EXERCISE DIRECTIONS: Exercise in exact copying: restate word for word only the lines below from the one containing "great w everything!" through the one containing "23/10/2019.- Aspecto de", omitting any pictures.

*** INFORMATION SHOWN Section Begins ***

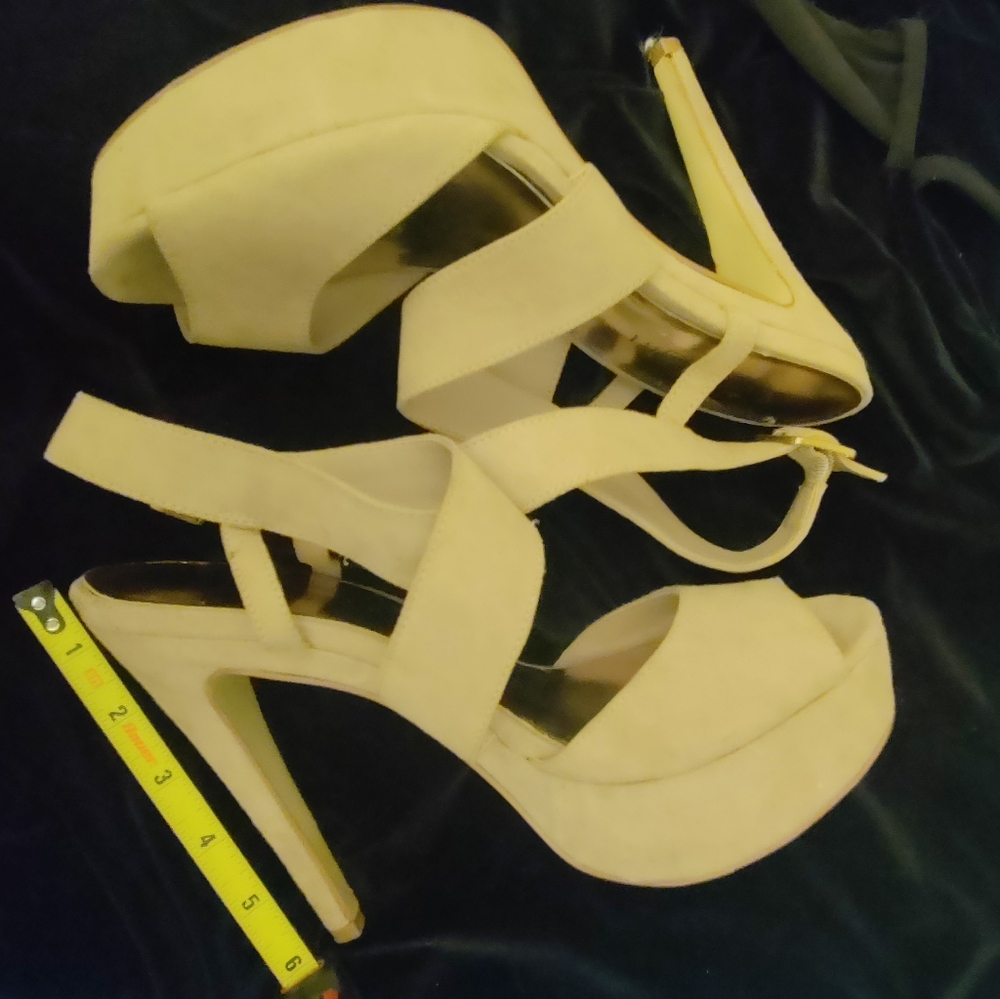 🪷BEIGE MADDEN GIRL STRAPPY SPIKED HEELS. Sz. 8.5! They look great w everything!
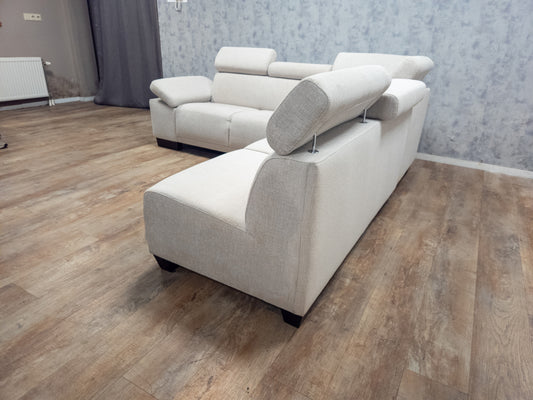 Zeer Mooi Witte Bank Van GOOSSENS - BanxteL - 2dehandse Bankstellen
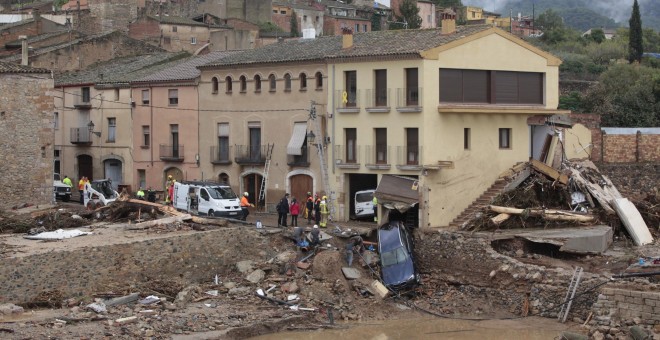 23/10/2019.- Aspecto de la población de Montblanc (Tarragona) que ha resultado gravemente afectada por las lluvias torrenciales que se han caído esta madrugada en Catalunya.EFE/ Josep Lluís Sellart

*** INFORMATION SHOWN Section Ends ***
*** INFORMATION SHOWN Section Begins ***

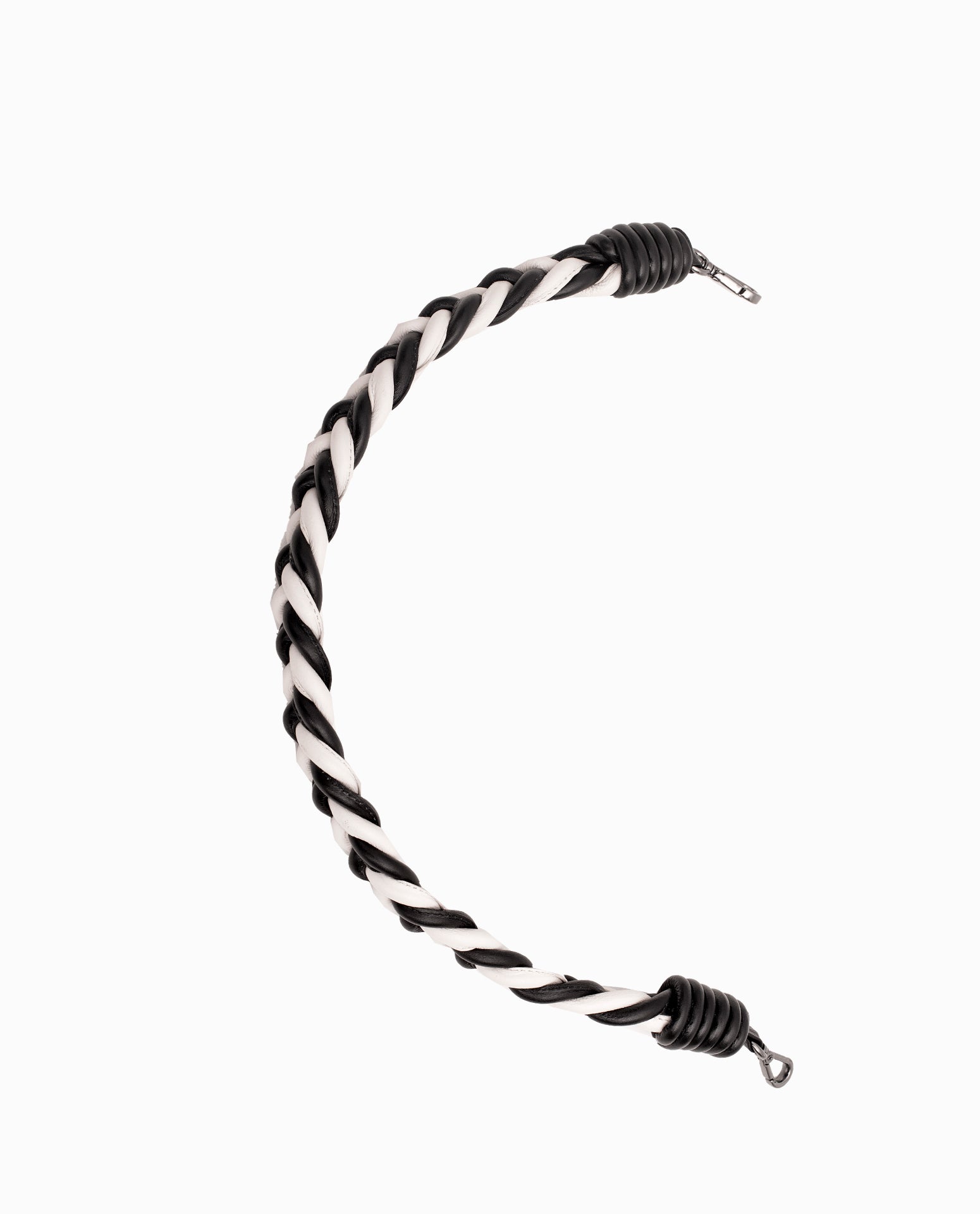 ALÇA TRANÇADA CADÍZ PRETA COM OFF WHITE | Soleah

*** INFORMATION SHOWN Section Ends ***

EXERCISE OUTPUT:
 🪷BEIGE MADDEN GIRL STRAPPY SPIKED HEELS. Sz. 8.5! They look great w everything!
 Zeer Mooi Witte Bank Van GOOSSENS - BanxteL - 2dehandse Bankstellen
 23/10/2019.- Aspecto de la población de Montblanc (Tarragona) que ha resultado gravemente afectada por las lluvias torrenciales que se han caído esta madrugada en Catalunya.EFE/ Josep Lluís Sellart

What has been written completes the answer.